I need to recover my capacity to be obsessed.

After a recuperative break, my return to work has left me feeling simultaneously overwhelmed and distracted.

I’ve been working long hours and not achieving much. The email, text, WhatsApp and socials have all demanded attention; the technologies have started to run my agenda and left me exhausted at the end of each day. I’ve been skating across the surface but the ‘deep work’ remains untouched.

One of things I like about Cal Newport’s ‘Contact’ page is that it’s actually very difficult to contact him.

Cal is an advocate of ‘Deep Work’: “Professional activities performed in a state of distraction-free concentration that push your cognitive capabilities to their limit. These efforts create new value, improve your skill, and are hard to replicate.” And it’s that ‘distraction-free concentration’ that I am beginning to crave.

Even though I can only maintain the ‘Deep Work’ state for a few hours a day - which is enough. But I need to put my phone down, turn my email off, close the door and lock the gates. Just for those hours; no-one gets in.

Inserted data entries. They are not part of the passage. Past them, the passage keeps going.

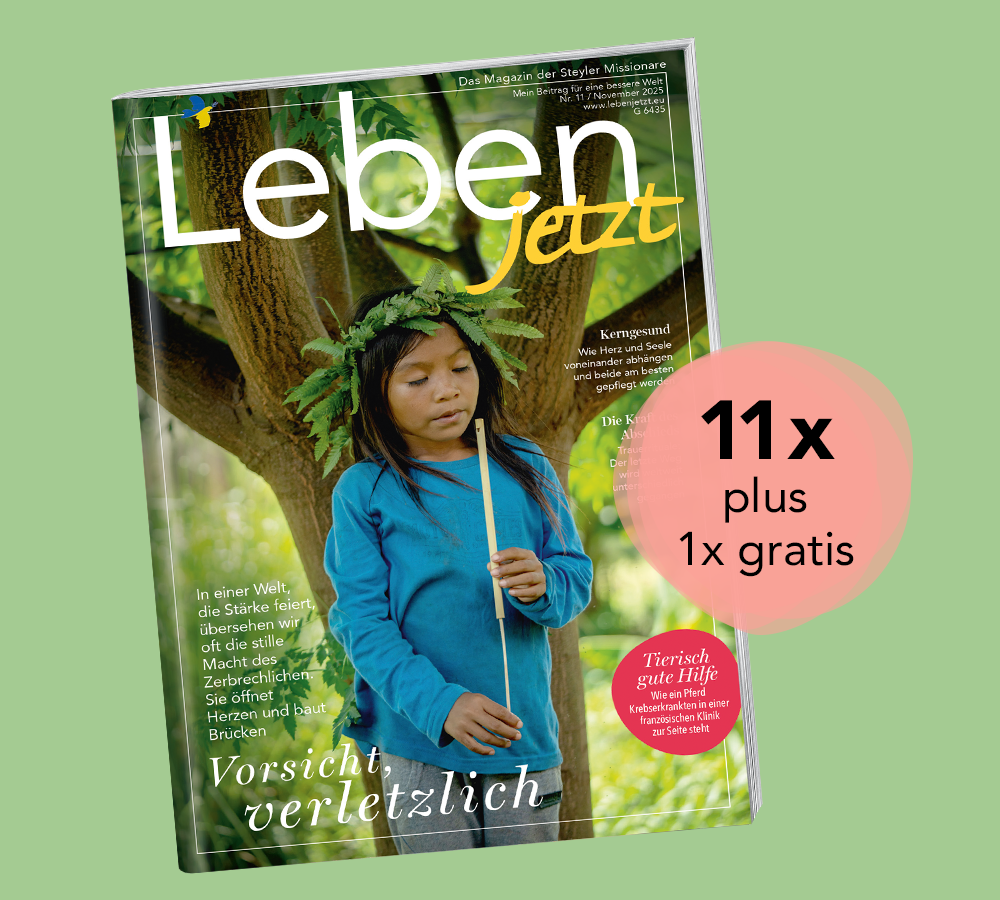 1 Jahr ermäßigt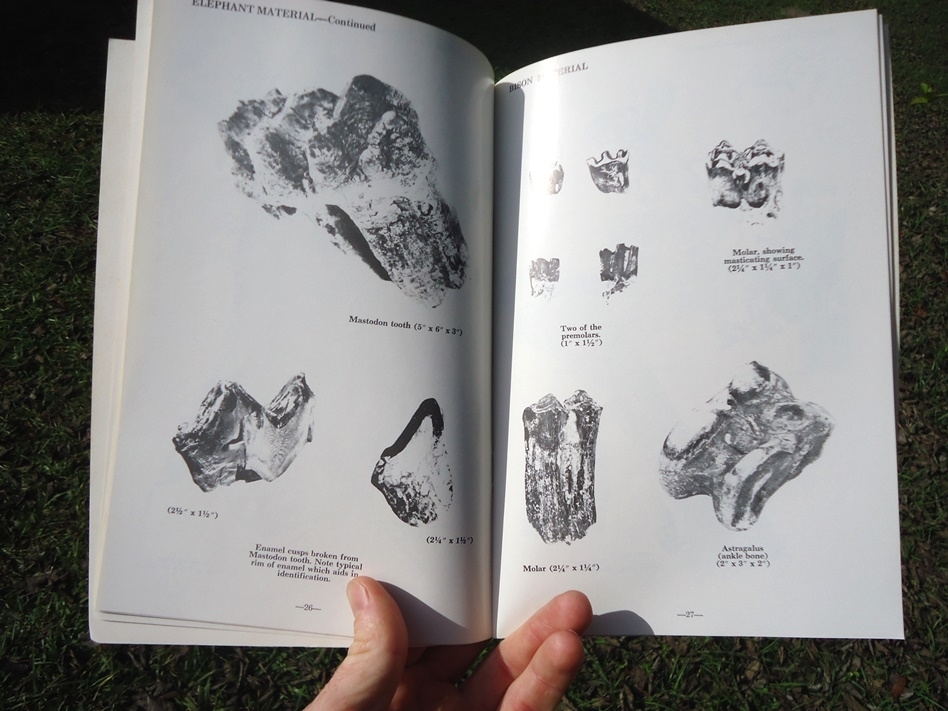 Large image 3 Fossil Vertebrates - Beach and Bank Collecting for Amateurs by M.C. Thomas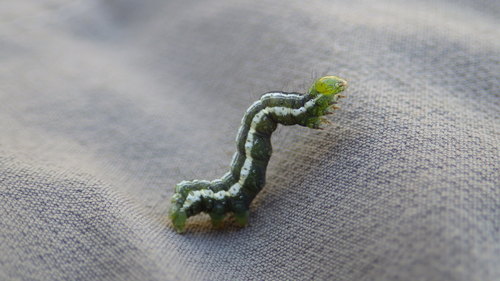 iNaturalist observation photo of Plusiine Looper Moths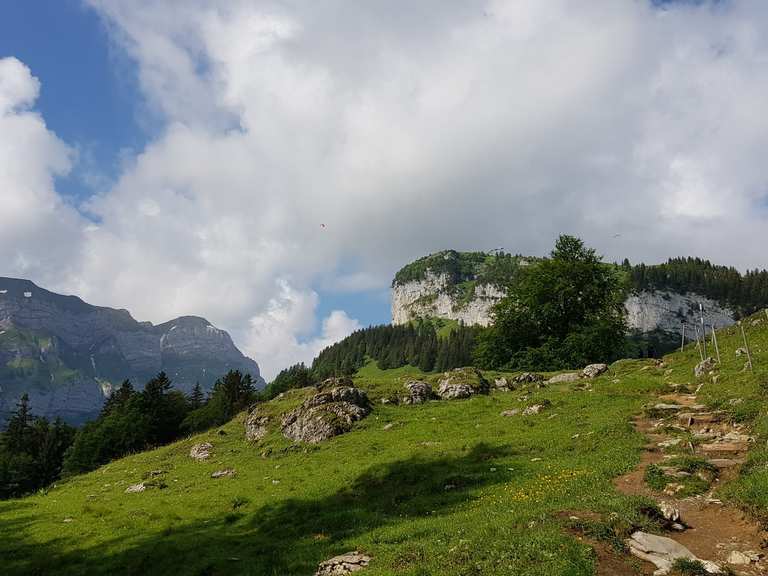 Steiler Waldweg zur Bommenalp – Wanderungen & Anfahrt | Komoot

I’m trying to find those moments when ideas and inspiration begin to flow. I might be reading carefully: none of that ‘skim reading’; I mean really working with each word and sentence in front of me, attending to the author’s choices, vocabulary and phrasing. I’m noticing how evocations and images arise and wondering about their resonances - both in the text in front of me and within my own experience. I might be writing: here I am trying to work with emerging ideas and concepts, moving from the imaginal and expressive to the propositional, condensing ideas into images and then further abstracting them into text. In each case, I’m wrestling with how I am forming meaning and paying attention to processes of communication. I’m endlessly absorbed, working at my craft, gorgeously obsessed…

…Until (Ping!) a notification shatters the moment.

After months (years?) of WFH, I’ve known the isolation and loneliness that it involves, and the joy of conversation with friends, people ‘popping by’ on my screen, the fun and necessity to take time to actually get out and meet people, to ‘be there’ for friends and colleagues - all of the stuff that doesn’t count as ‘proper work’ but enables the relationships that are fundamental to our organisations.

Of course, these are issues of balance and emphasis, and addressing my own, all too human needs, to feel valued and, to be in conversation, in the mix of what’s going on, and being seen and heard.

But as I reorientate myself for the year ahead, I know there is testing, creative work to be done.

So, just for a while, I will be hard to reach.

Notes:

Many years ago, I was wandering through a remarkable set of installations by Eva Hesse at Tate Modern. The curator had included a quote that really landed with me: "I have learned that anything is possible. That vision or concept will come through total risk, freedom, discipline."

One of my ‘go to’ books on the potential for joy in obsession is ‘Finding Flow’ by Mihaly Csikszentmihalyi which approaches engagement and creativity by structuring our work so that it requires high degrees of skill and commitment while avoiding a life of passive boredom. And, just in case, that surname is pronounced ‘chick-SENT-me-high’!!

Finally, you will enjoy Cal Newport’s ‘Deep Work’ which not only considers the nature of work, it also shows how deep work is becoming a rarity and provides increasing value in a distracted, ‘busy’ world.

This week’s photograph is from the #1000 Steps series.